What is required:
Wherever a picture sits, omit it. Output the rest of the listing exactly.

Information supplied:
----------

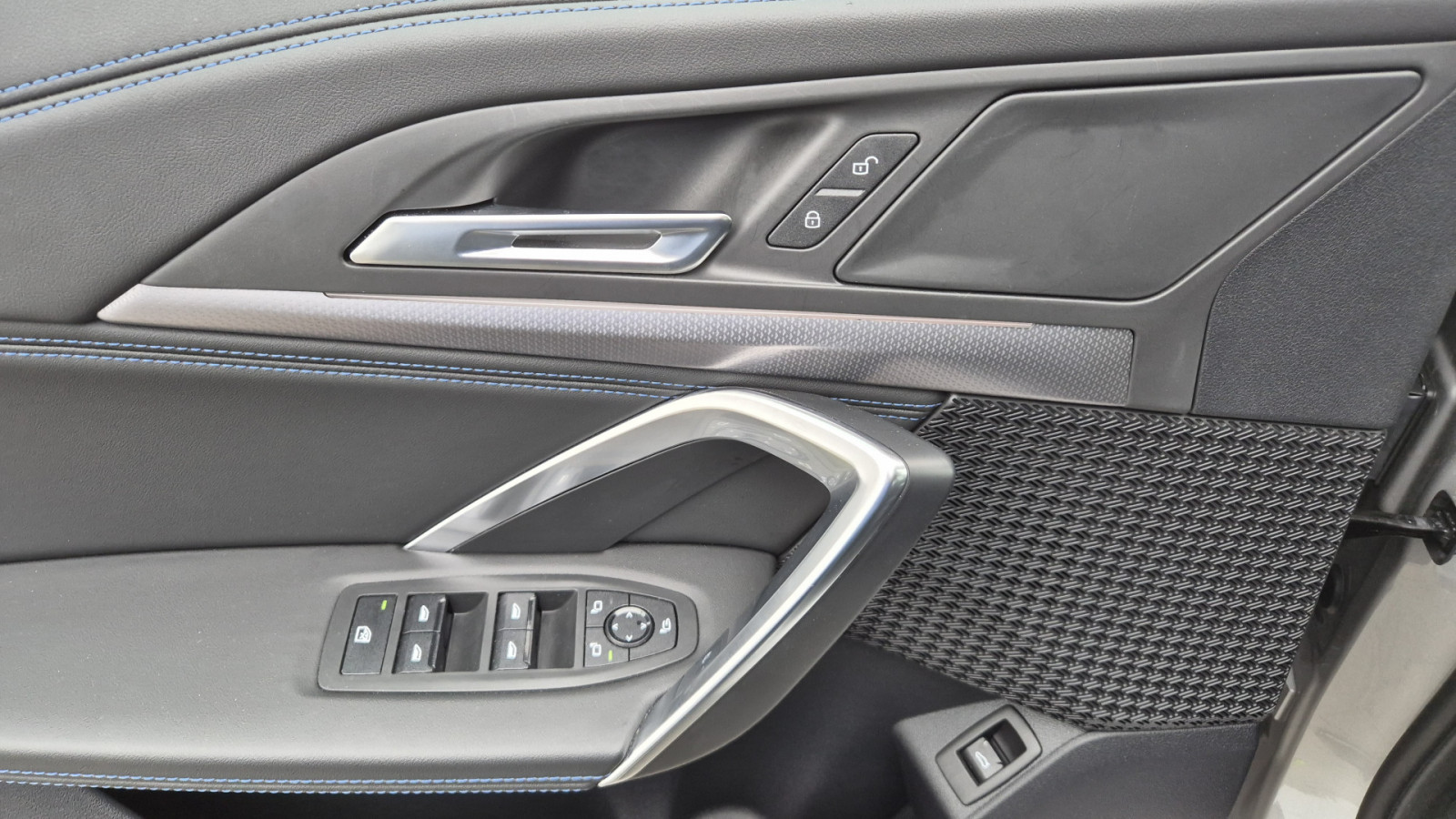 BMW X1 sDrive 18i M-Sport – Produktfoto 9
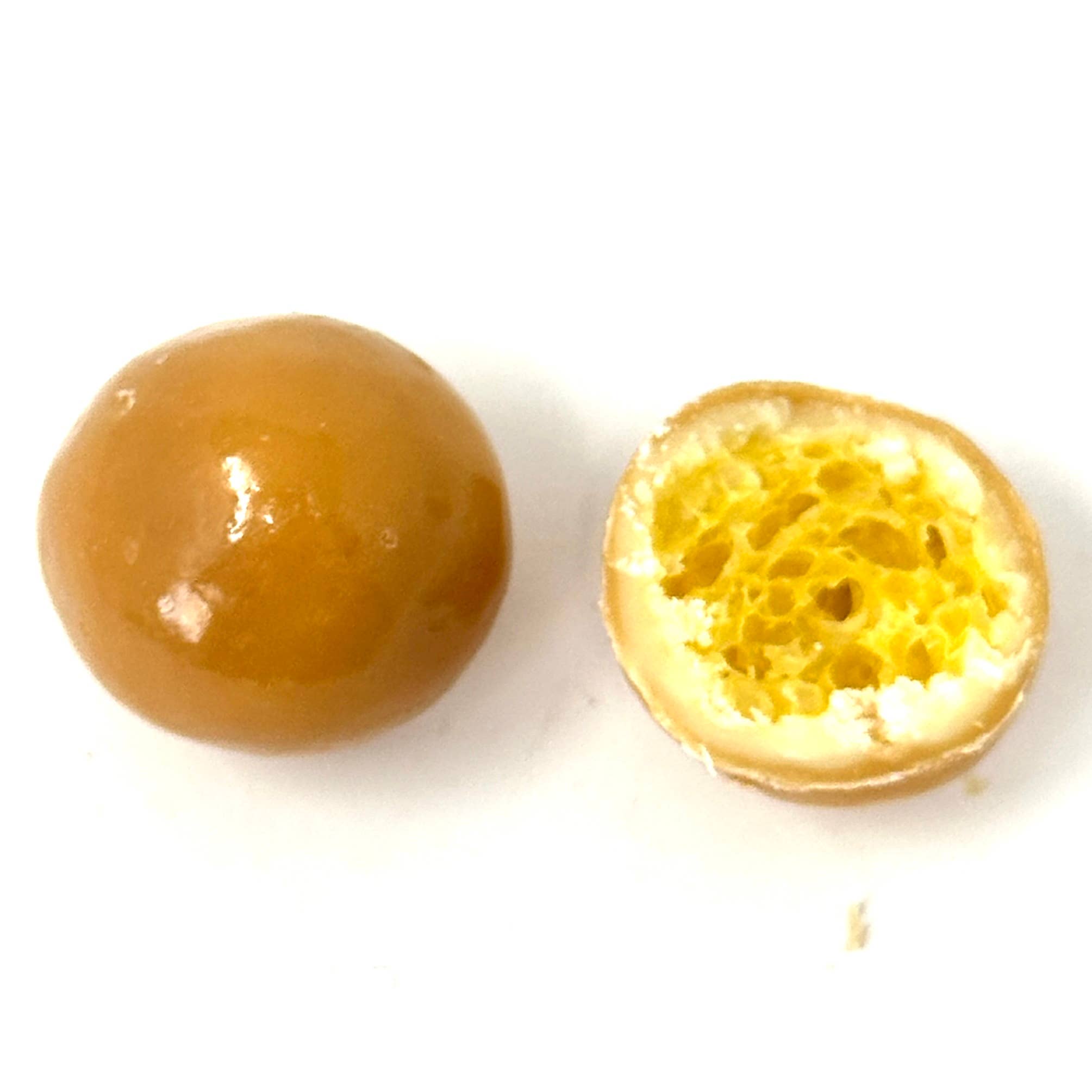 Knasende chokoladekugler med karameliseret hvid chokolade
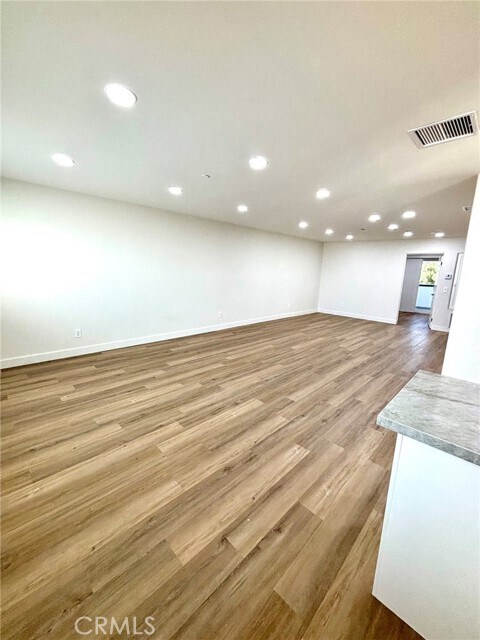 Foto del edificio - 310 E Grand Ave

----------

Solved problem:
 BMW X1 sDrive 18i M-Sport – Produktfoto 9
 Knasende chokoladekugler med karameliseret hvid chokolade
 Foto del edificio - 310 E Grand Ave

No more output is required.